We likely don’t need to tell you that electric rates have been on the rise the last couple of years and will continue to rise over the next couple of years. These increasing costs have been, and will continue to be, primarily from the generation side of our business. On the graph below, each bar represents the average price per kilowatt-hour for electricity purchased from Nodak over the past 15 years. The graph also shows each year how much of the revenue from each kilowatt-hour is used by Nodak and how much is sent to our power supplier, Minnkota Power Cooperative. Minnkota is owned and governed by 11 distribution cooperatives for the purpose of generating our electricity and providing the transmission lines from the power plants to our cooperatives. Nodak is one of these 11 distribution cooperatives.
The blue section of each bar reflects what is needed from each kilowatt-hour sold to pay Nodak’s expenses that particular year, plus margins. As you can see, this amount has remained remarkably stable. This doesn’t mean our operating expenses have not increased. Actually, our total expenses in 2010 are about 40% higher than in 1996; however, we have been blessed with kilowatt-hour sales growth, so we can spread these expenses over more kilowatt-hours.
The alarming part of this graph, and the part that reflects the upward pressure on your electric rates, is the red part. This section of each bar represents the wholesale cost of each kilowatt-hour sold. As you can see, we enjoyed relatively stable wholesale cost of power during the period from 1996 through 2008. Our average cost of a kilowatt-hour in 2008 was in fact only 25% higher than 12 years earlier in 1996. That computes to an average of about a 2% increase per year.
After 2008, our average wholesale cost of power began to rise dramatically. Based on the recent budget from Minnkota, we expect our average cost of each kilowatt-hour sold in 2011 to be around 6.1¢ per kilowatt-hour, which will be 50% greater than 2008. This computes to an annual increase of nearly 17% per year.
The reason Minnkota’s generation costs are escalating so rapidly are many, but are mostly related to environmental issues. Over a five-year period, Minnkota has invested over $420 million in environmental upgrades to meet new EPA emission standards. By the end of 2012, Minnkota will have spent an additional $400 million on new transmission lines necessary to deliver both wind and base-load generation into the Minnkota service area. These investments carry large debt service payments, which are driving up the cost of our wholesale power. Also, the new environmental equipment is more expensive to operate, further increasing Minnkota’s overall operating expenses.
Minnkota has also entered into long-term contracts for wind energy to meet future North Dakota and Minnesota renewable energy objectives. When these wind farms were built, it was anticipated the excess generation could be sold into the regional market at a profit, or at worst break even. Decades of historically market conditions made this a reasonable assumption. The severe downturn in the economy has resulted in power market conditions for the sale of excess energy. The sale of excess energy has become an economic burden for Minnkota, which will not be relieved until economic conditions improve in the regional power market.

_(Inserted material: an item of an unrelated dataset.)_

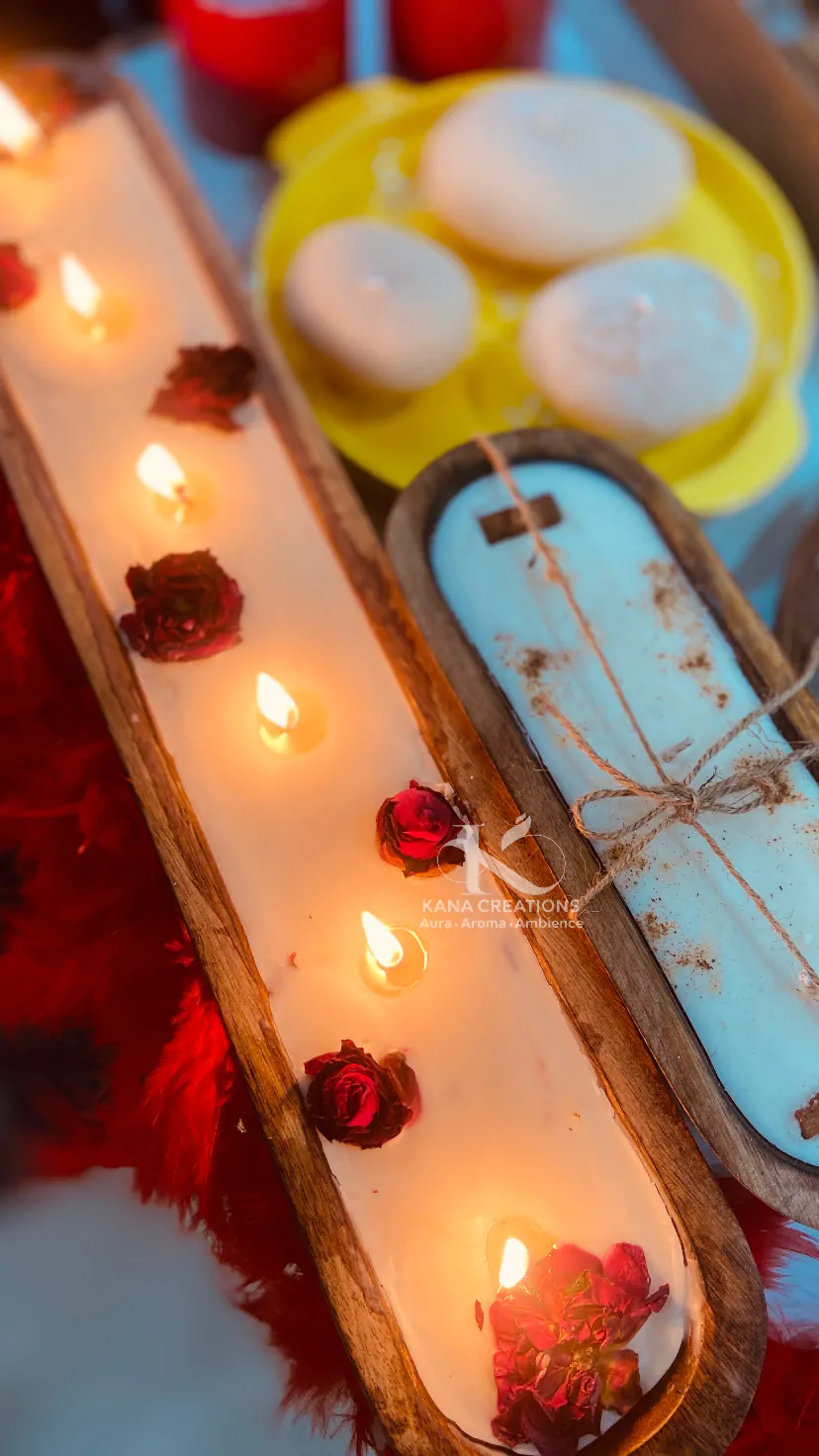 Limited Edition - Rose Elite 6 Wick Hand Carved Dough Soy Candle_kanacreations Limited Edition - Rose Elite 6 Wick Hand Carved Dough Soy Candle_kanacreations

The wholesale part of a kilowatt-hour sold has always been big, and it is getting bigger. In 2011, the Minnkota share will be about 78% of the cost of each kilowatt-hour we sell. Another alarming statistic is that Nodak will pay Minnkota more for a kilowatt-hour in 2011 than we actually charged for that kilowatt-hour only three years earlier in 2008.
Obviously, this article is about escalating electric rates. We increased our retail rates in 2009 and 2010 to offset our increasing cost of wholesale power. Our cost of generation through Minnkota Power will continue in 2011 and 2012. At that point, Minnkota will have adequate transmission facilities and adequate generating capacity, including recently contracted renewable energy through wind, and we have optimism we will return to a period of stable electric rates. This, of course, assumes there will not be severe federal legislations such as Cap and Trade or carbon reduction legislation that will place additional upper pressure on the cost to generate electricity.